In The Court of Appeals Fifth District of Texas at Dallas No. 05-22-00049-CV

IN THE INTEREST OF D.G.M., A CHILD

On Appeal from the 301st Judicial District Court Dallas County, Texas Trial Court Cause No. DF-19-02898

MEMORANDUM OPINION Before Justices Carlyle, Garcia, and Miskel Opinion by Justice Miskel Mother appeals the trial court’s final decree of divorce that grants both

Father’s requested relief at trial and the Office of the Attorney General’s (OAG)

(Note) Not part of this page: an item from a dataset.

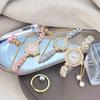 Diamond-Encrusted Case Pull-Open Bracelet Watch Adjustable Strap Chain Watch  Women Girls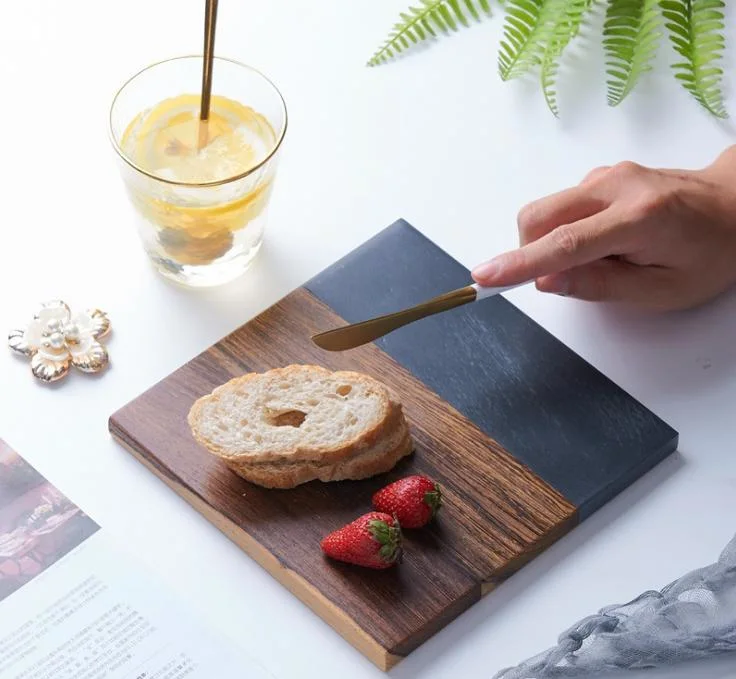 China Factory Price Square Wood and White/Black Marble Coaster Marble Tray Marble Crafts for Home/Cafe/Hotel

claims in intervention filed on behalf of the State of Texas relating to the parent–

child relationship. She raises one issue on appeal arguing the trial court erred when

it denied her motion to reconsider and motion for entry of judgment, because the

decree failed to comport with the parents’ partial mediated settlement agreement (MSA), which addressed issues relating to the parent–child relationship.1 We

conclude the trial court erred with respect to the claims between the parents but not

with respect to the OAG’s intervening claims. The portions of the trial court’s final

decree of divorce granting the OAG’s intervening claims for child support, health

insurance, and medical support are affirmed. The remaining portions of the final

decree of divorce relating to the parent-child relationship that do not comply with

the terms of the parents’ MSA are reversed. In all other respects, the final decree of

divorce is affirmed. The case is remanded for the trial court to sign a final decree

consistent with this opinion.

I. PROCEDURAL BACKGROUND On February 12, 2019, Father filed his original petition for divorce. Mother

filed a general denial on May 15, 2019, but did not file a counterpetition for divorce

or other claims for affirmative relief. On August 27, 2019, the OAG filed a petition

in intervention, seeking the determination of parentage, child support, health

insurance, and medical support. See, e.g., TEX. FAM. CODE § 231.101(a).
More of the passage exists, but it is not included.